SCOTUS to Consider Scope of Ministerial Exception

When the Wisconsin Supreme Court decided Coulee Catholic Schools v. LIRC, 2009 WI 88 , Professor Esenberg and I both took to this blog to praise Justice Gableman’s majority decision. The decision is undoubtedly the most important religious liberty case in Wisconsin since Jackson v. Benson (1998) and State v. Miller (1996). It concerned the scope of the “ministerial exception” to anti-discrimination employment laws and the status of a teacher in a religious school.

Recently, the U.S. Supreme Court accepted cert in Hosanna-Tabor Lutheran Church & School v. EEOC. The case presents the same basic question as Coulee: does the ministerial exception include “a teacher at a religious elementary school who teaches the full secular curriculum, but also teaches daily religion classes, is a commissioned minister, and regularly leads students in prayer and worship”?  

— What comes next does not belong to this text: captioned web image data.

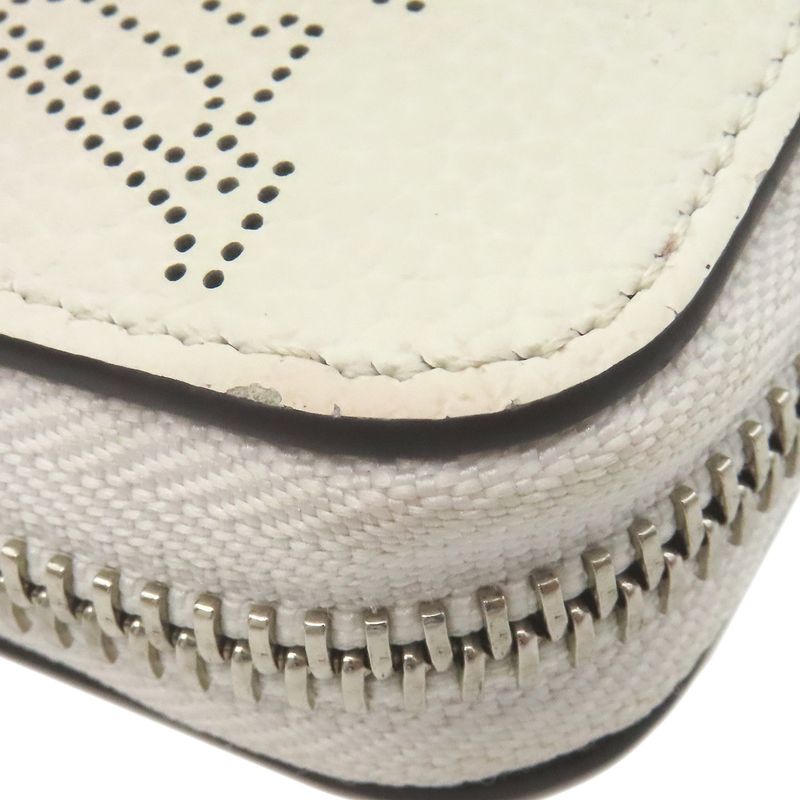 Louis Vuitton Long Wallet Zippy Wallet Monogram Mahina Pink and White Silver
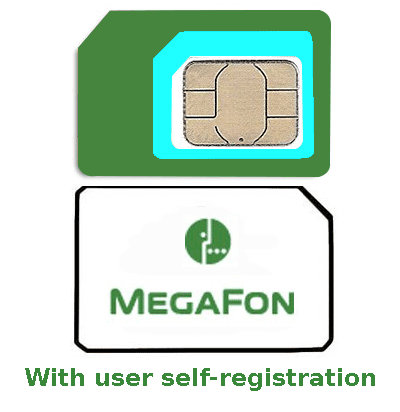 PrePaid SIM-Karte «MegaFon» Russland mit Benutzer-Selbstregistrierung und Aktivierung
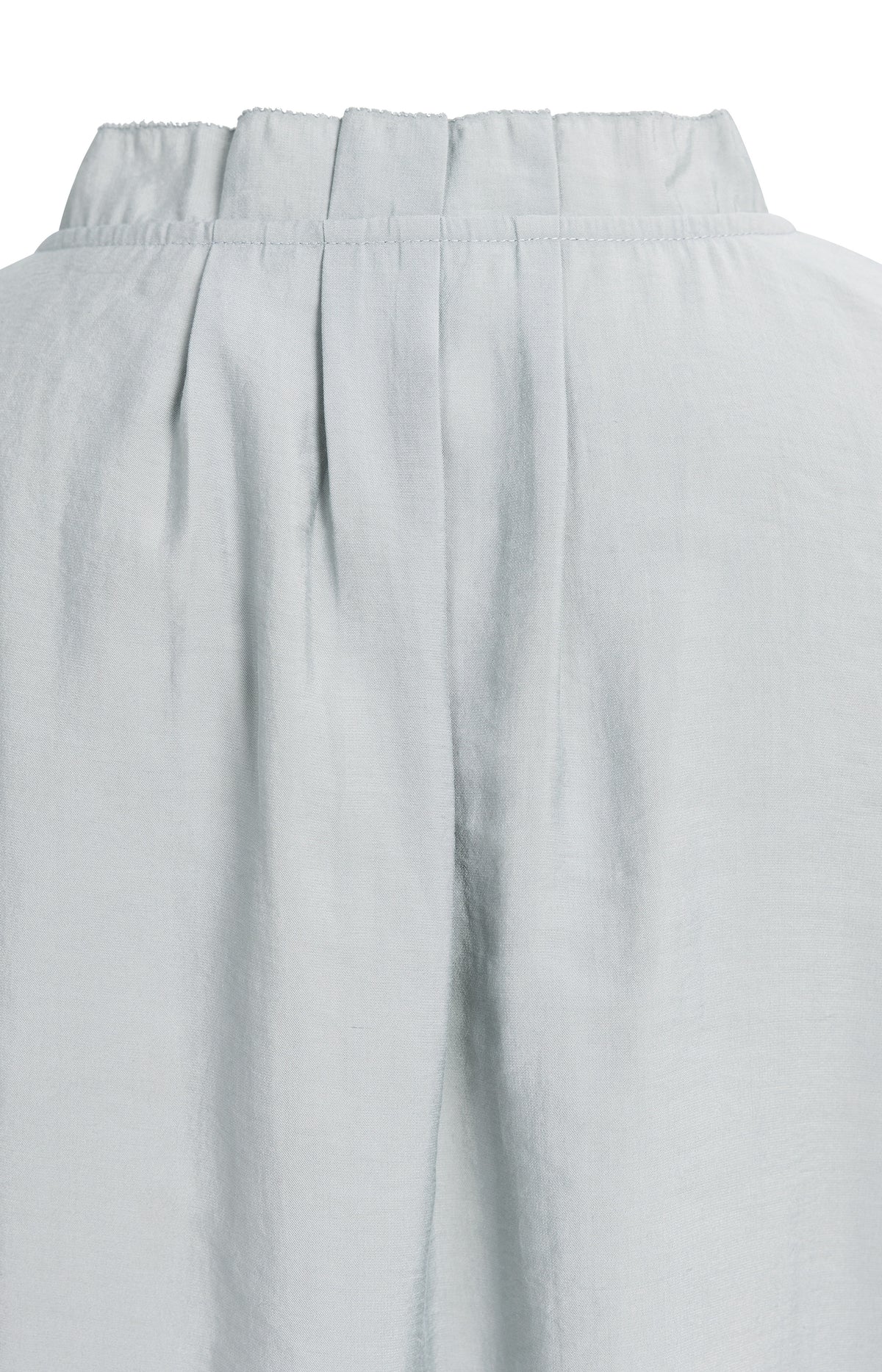 Blouse with pleated collar and cuffs - Illusions Gray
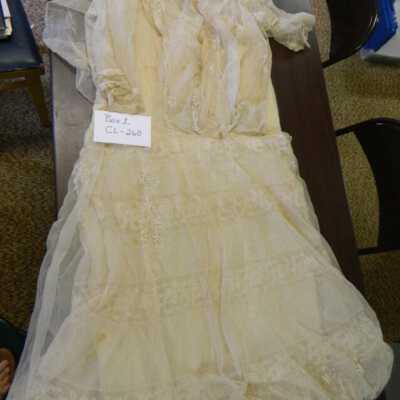 1910 wedding dress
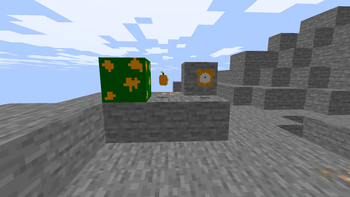 Tangerine, Tangerine Leaves and a Creature Scanner.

The case is up on appeal from a Sixth Circuit ruling against the church, and the Becket Fund for Religious Liberty and Doug Laycock from UVA are counsel for the petitioners.

Coulee Catholic Schools features in several of the briefs filed at the cert stage, including the petition, the brief in opposition, and several amici filings. Doubtless it will continue to feature prominently in the briefs and arguments, as the opinion provides a scholarly and recent exposition of the state of the case law (which is a mess – granting cert here was a good idea) and a good case for the test the justices used to determine whether an employee fit the ministerial exception. (It should be noted that Coulee Schools will stand regardless of what SCOTUS decides because it was independently and explicitly decided on state constitutional grounds as well).

In his volume The Wisconsin Constitution: A Reference Guide, Jack Stark relates an anecdote from Wisconsin legal history:

Justice William O. Douglas, speaking in Milwaukee during the revolution in federal constitutional law that the Warren Court caused, responded to an introduction that pointed out that Court’s stalwart protection of individual liberties by remarking, “[w]e are just trying to catch up with the Wisconsin Supreme Court. We are at the point where it was thirty years ago.”

Hopefully in this instance, the U.S. Supreme Court will choose stalwart protection for religious freedom by following the path laid out by the Wisconsin Supreme Court.